Up to and including the line holding "Hello again YouTube", write out the data exactly from its first line, but not the pictures.

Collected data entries
--*--
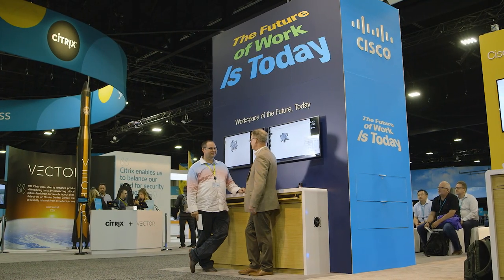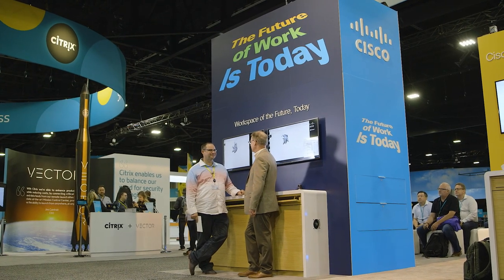We launched that product 10 years ago. It was really the first software-defined data center platform out there. It allows you to create policy with network folks, storage folks, and compute folks — combine those policies into what we call a service profile, and the service profile defines the personality of the hardware. The same is true with HyperFlex, so we get that ability to bring them all together.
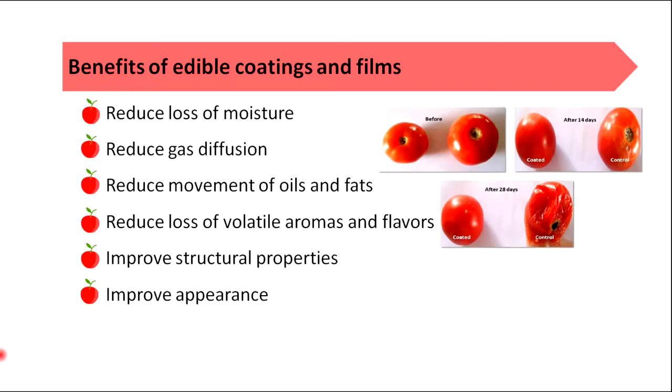So why are these edible coatings and films important in the food industry? Because they can reduce the loss of moisture, they can reduce gas diffusion, reduce movement of oils and fats, reduce loss of volatile aromas and flavors, improve structural properties and improve the appearance.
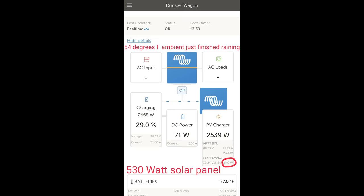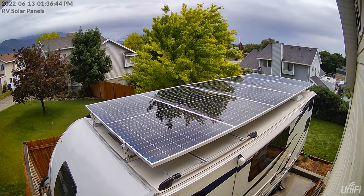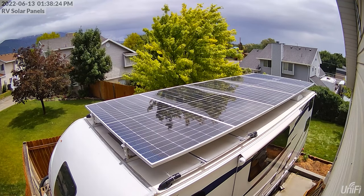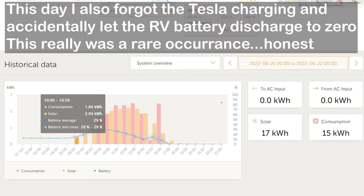June 13th saw the highest solar production moment in June: 2,539 watts. It was actually a rainy day, but cool — it had just finished raining, the solar panels were wet, and then the sun came out really strong. That's when we got that peak.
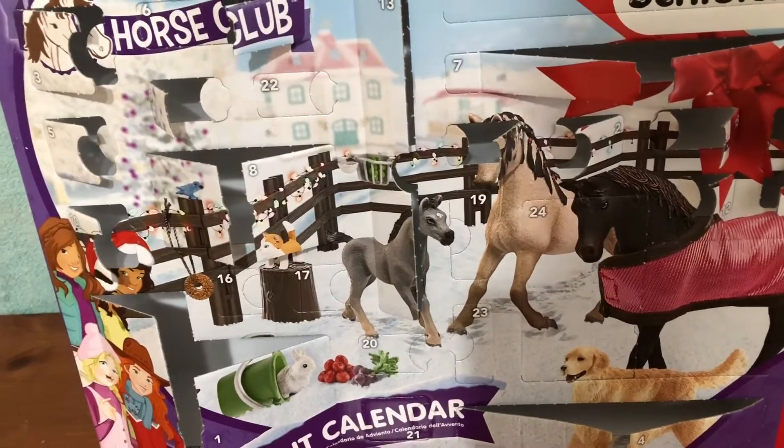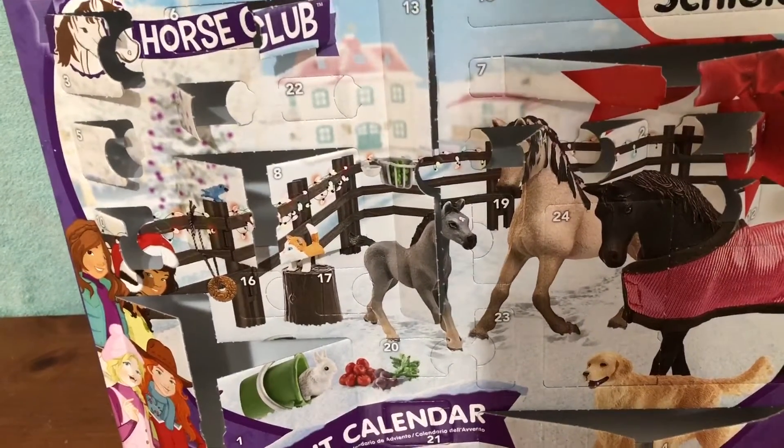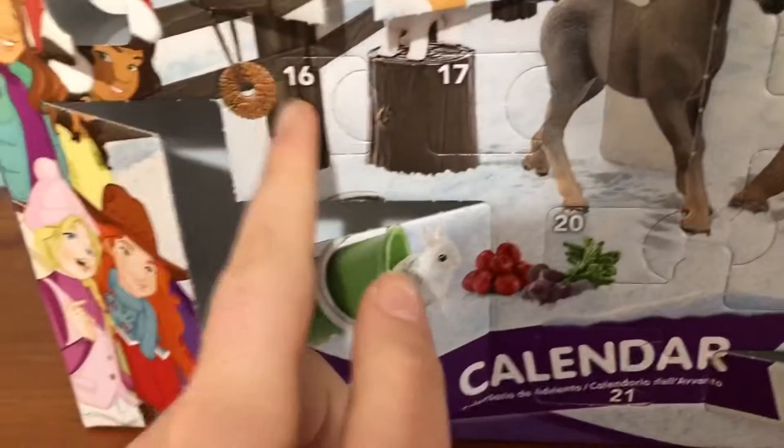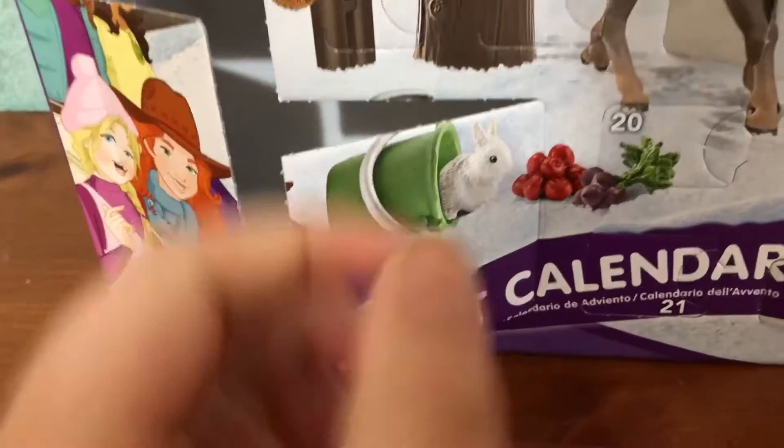Hello again YouTube and welcome back. Happy 16th day of December — pretty close to Christmas!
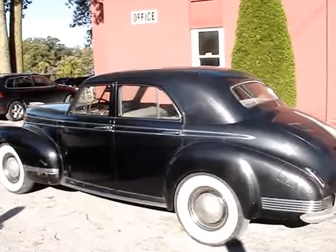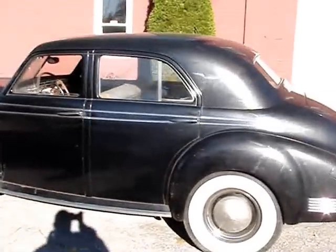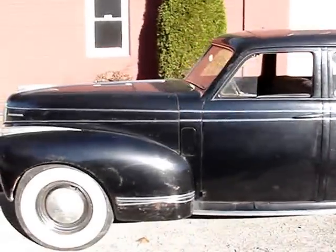It started right up, runs and drives good. I'm just going to walk around so you can see it. The body is in really nice shape. It sounds really good.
--*--
● Answer to the problem
We launched that product 10 years ago. It was really the first software-defined data center platform out there. It allows you to create policy with network folks, storage folks, and compute folks — combine those policies into what we call a service profile, and the service profile defines the personality of the hardware. The same is true with HyperFlex, so we get that ability to bring them all together.
So why are these edible coatings and films important in the food industry? Because they can reduce the loss of moisture, they can reduce gas diffusion, reduce movement of oils and fats, reduce loss of volatile aromas and flavors, improve structural properties and improve the appearance.
June 13th saw the highest solar production moment in June: 2,539 watts. It was actually a rainy day, but cool — it had just finished raining, the solar panels were wet, and then the sun came out really strong. That's when we got that peak.
Hello again YouTube and welcome back. Happy 16th day of December — pretty close to Christmas!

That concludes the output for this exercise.